# Nanatsu no Taizai (Seven Deadly Sins)



## hellosquared (Oct 25, 2012)

"The "Seven Deadly Sins", a group of evil knights who conspired to overthrow the kingdom of Britannia, were said to have been eradicated by the Holy Knights, although some claim that they still live. Ten years later, the Holy Knights have staged a Coup d'?tat and captured the king, becoming the new, tyrannical rulers of the kingdom. Elizabeth, the king's only daughter, sets out on a journey to find the "Seven Deadly Sins", and to enlist their help in taking back the kingdom."





Looks like an interesting manga, reminds me of ubel blatt. Hopefully it lives up to its promise of being "super original" especially for a shonen.


----------



## Morcombe (Oct 27, 2012)

I liked it, gave me an old fashioned final fantasy feel.

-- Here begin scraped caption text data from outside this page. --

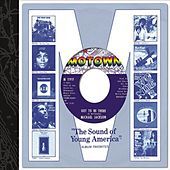 Thumbnail for the Eddie Kendricks - Can I (Long Promo Version) link, provided by host site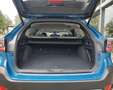 Subaru OUTBACK Edition Platinum Cross Navi AHK Blauw - thumbnail 13
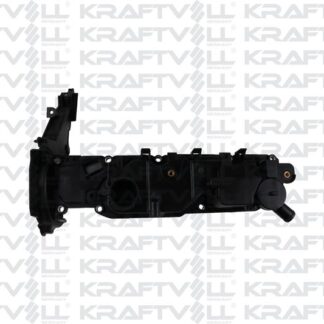 KULBUTOR KAPAGI KOMPLE CONTALI FOCUS – COURIER – FIESTA – MONDEO – CONNECT 1.5 – 1.6 TDCI 11> 2008-206+ 207-208-3008 I-II-301-308 I-II-5008 I-II-508-PARTNER-RIFTER – VOLVO C30 – S40 – S60 – S80 – V50 – V60 – V70
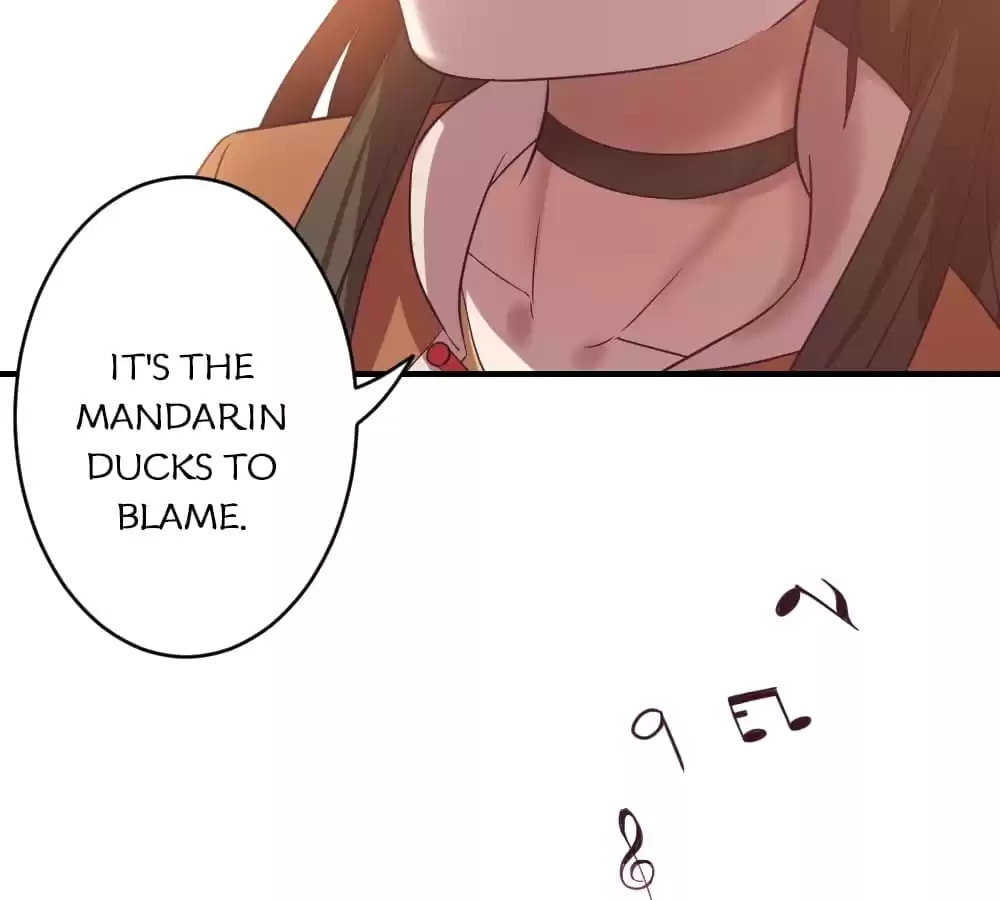 Read Honey Moon chapter 17 image 12 on Lezhin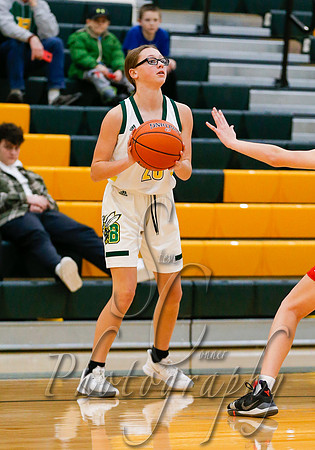 001 12302021 Nampa vs. Bonneville 019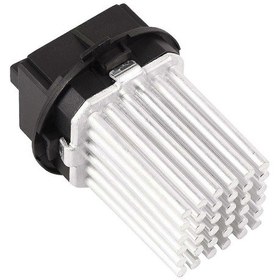 Resim 2008-2013 S60 S80 2008-2010 V70 2010-2012 Xc60 Xc70 Lr2 Lr002685 G20241468143 Siyah Hvac Üfleyici Motor Kontrol Direnci. 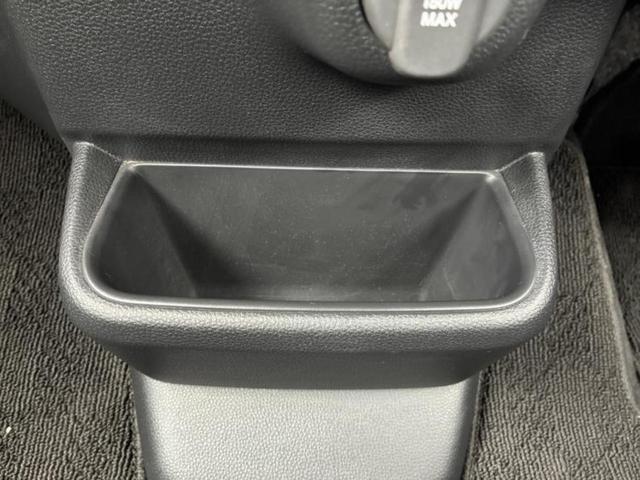 N-BOX ヒョウジュン 純正 8インチ SDナビ/ホンダセンシング/電動スライドドア/車線逸脱防止支援システム/パーキングアシスト バックガイド/ヘッドランプ LED/USBジャック/Bluetooth接続 レーンアシスト(34枚目)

plus i've been wanting a new fantasy world exploring adventure manga ever since beet the vandel buster vanished.


----------



## Stevenh1990 (Nov 6, 2012)

This is the guy that did Kongou Banchou so will keep reading .


----------



## louisnn (Apr 4, 2016)

Link removed

New Chapter out


Watched the first season anime of this on Netflix last week, so i decided to catch up on the manga. In my opinion this is a pretty decent manga with good action and some good characters like Ban and Meliodas. I'm curious as to why this manga dosen't seem to be that popular on NF?


----------



## ~VK~ (Apr 4, 2016)

Ehhhh.....


----------



## louisnn (Apr 4, 2016)

Vongola King said:


> Ehhhh.....



Just found the section for this manga.


----------



## Punk Zebra (Apr 4, 2016)

I think there already is a stand alone thread for this in the Akihabara Gallery.


----------



## Gabe (Apr 4, 2016)

Yes it has its own section near fairy tail dragon ball, hero academia and toriko


----------